Pengungkapan kasus disampaikan dalam konferensi pers di Mapolres Probolinggo Kota, yang dipimpin langsung Kapolres Probolinggo Kota AKBP Rico Yumasri, S.I.K., M.I.K, Selasa (21/7/2026).

Peristiwa terjadi pada Minggu (19/7/2026) sekitar pukul 00.30 WIB. Korban berinisial MT (22) mengalami luka ringan di bagian paha akibat ledakan bondet yang dilempar pelaku saat berkumpul bersama teman-temannya di lokasi.
Dari hasil penyelidikan, kami berhasil mengamankan lima orang yang diduga terlibat. Penyidikan akan kami laksanakan secara tuntas sesuai ketentuan hukum yang berlaku, termasuk terhadap pelaku anak, katanya.
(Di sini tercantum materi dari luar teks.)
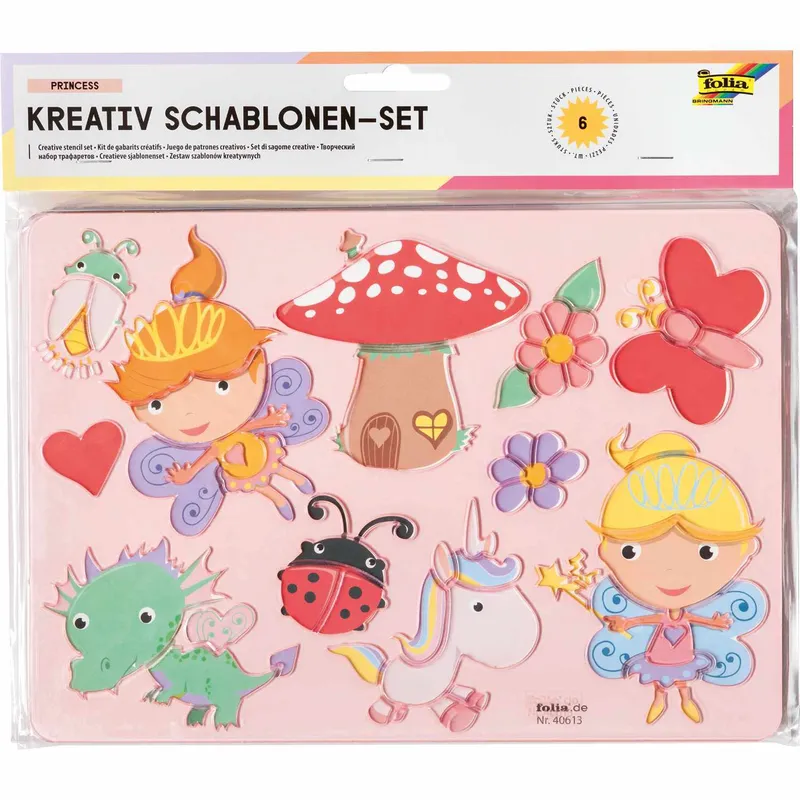folia folia Kreativ-Schablonenset Princess inkl. Malvorlage 6 Stück – Produktbild 1 von 1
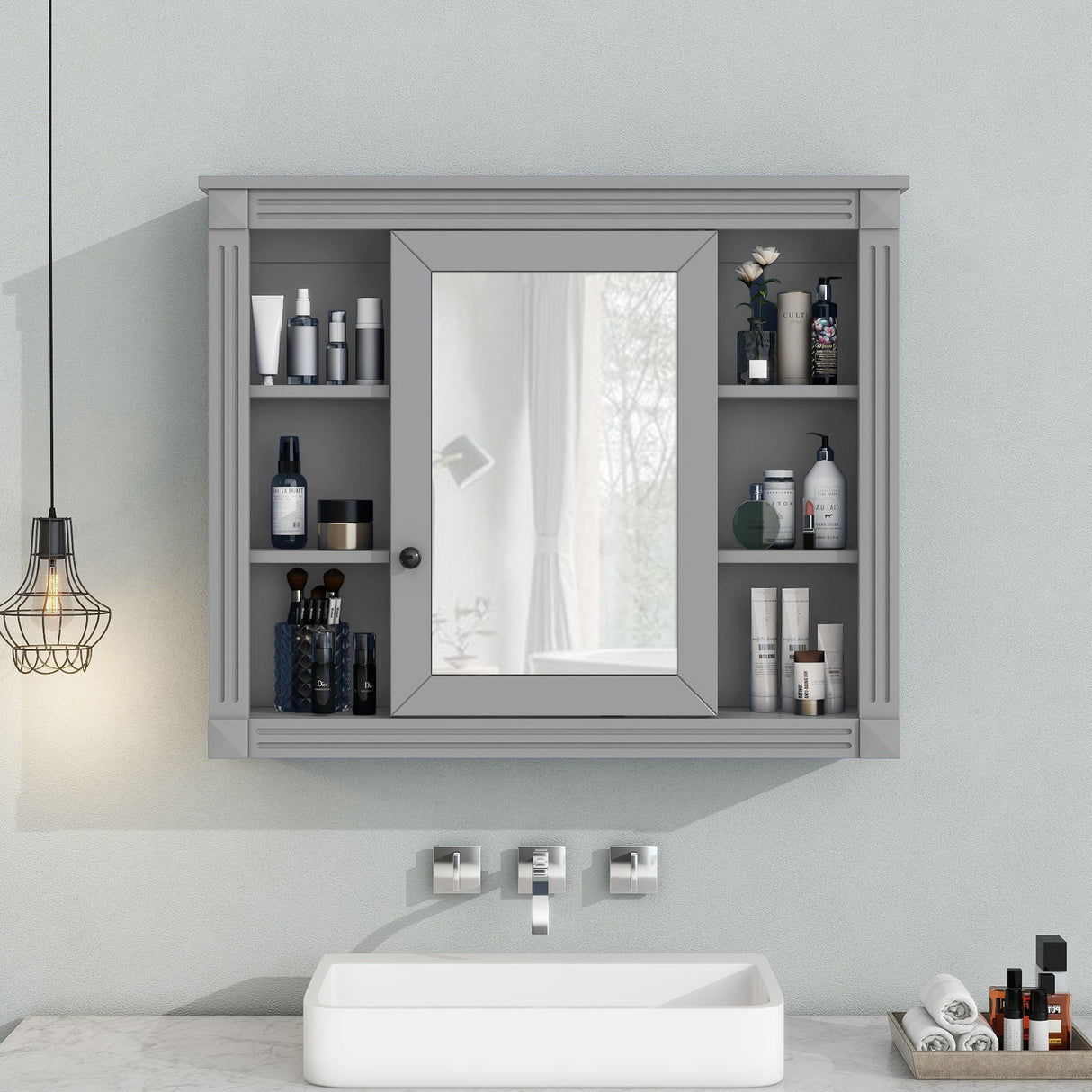 Wall Mounted Bathroom Storage Cabinet With Mirror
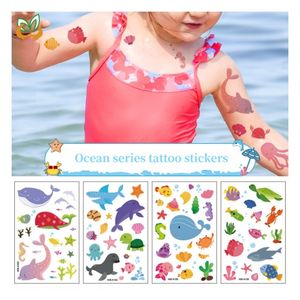 Pegatinas de tatuaje temporal impermeables 3D personalizadas para niños, lindas ballenas, delfines, Océano, tema de dibujos animados, pegatinas de arte corporal - Product Image 2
Kelima tersangka masing-masing berinisial AKJ (18), M.AK (19), RF (15), KV (16), dan FB (14).
Berdasarkan pemeriksaan, sebelum beraksi para pelaku berkumpul di sebuah gudang pemotongan ayam di Kelurahan Sumbertaman, Kecamatan Wonoasih yang dijadikan basecamp, sambil mengonsumsi minuman keras.
Selanjutnya mereka berboncengan dua sepeda motor menuju Mayangan dengan dalih membeli minuman keras. Saat melintas di Jalan Ikan Tenggiri, tersangka AKJ diduga melempar bondet ke arah sekelompok pemuda yang sedang bermain bola.
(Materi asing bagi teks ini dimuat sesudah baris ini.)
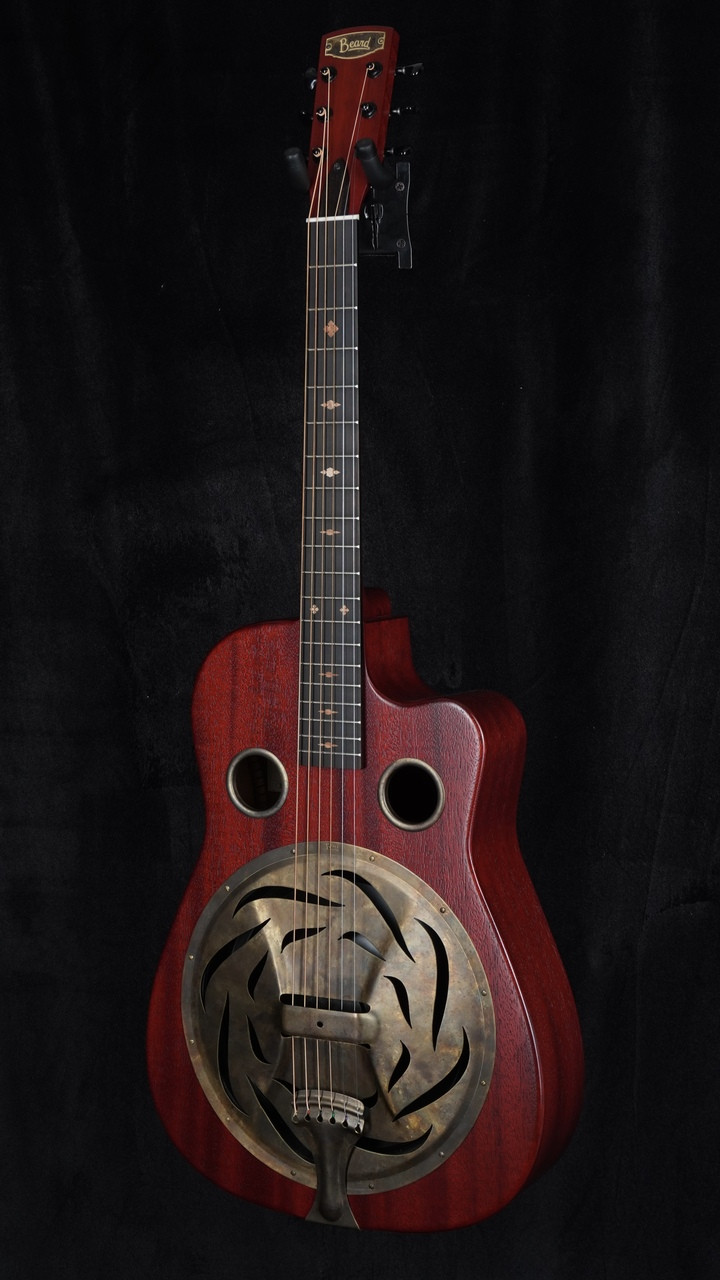 Beard Trailhead-E All Mahogany Roundneck Resonator with Cutaway in Scarlet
Para pelaku berniat melakukan aksi balas dendam terhadap kelompok lain, namun justru salah sasaran. Bondet mengenai kelompok yang bukan menjadi target mereka, ungkapnya.
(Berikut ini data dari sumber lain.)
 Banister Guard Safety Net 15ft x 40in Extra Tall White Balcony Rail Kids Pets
Usai menerima laporan, polisi langsung melakukan olah TKP dan penyelidikan. Sekitar pukul 03.00 WIB, tim gabungan Polres Probolinggo Kota dan Polsek Mayangan menggerebek basecamp di depan gudang pemotongan ayam, Kelurahan Sumbertaman.
Dalam penggerebekan petugas mengamankan barang bukti berupa empat bilah celurit, satu bondet, bahan baku pembuatan bondet, dua sepeda motor, dan barang bukti lainnya.
Polisi juga mengungkap, tersangka FB mengaku membuat bondet karena penasaran setelah belajar dari media sosial dan membeli bahannya melalui toko online.

Untuk pertanggungjawaban hukum, tersangka AKJ dijerat Pasal 306, 307, dan 308 UU Nomor 1 Tahun 2023 tentang KUHP dengan ancaman 15 tahun penjara. Tersangka M.AK, RF, dan KV dijerat Pasal 307 ayat (1) dengan ancaman 7 tahun penjara. Sementara FB dijerat Pasal 306 terkait pembuatan bahan peledak dengan ancaman 15 tahun penjara.
Kapolres menegaskan pihaknya akan menuntaskan penyidikan dan meningkatkan patroli untuk menindak kepemilikan senjata tajam maupun bahan peledak demi menjaga kamtibmas di Kota Probolinggo.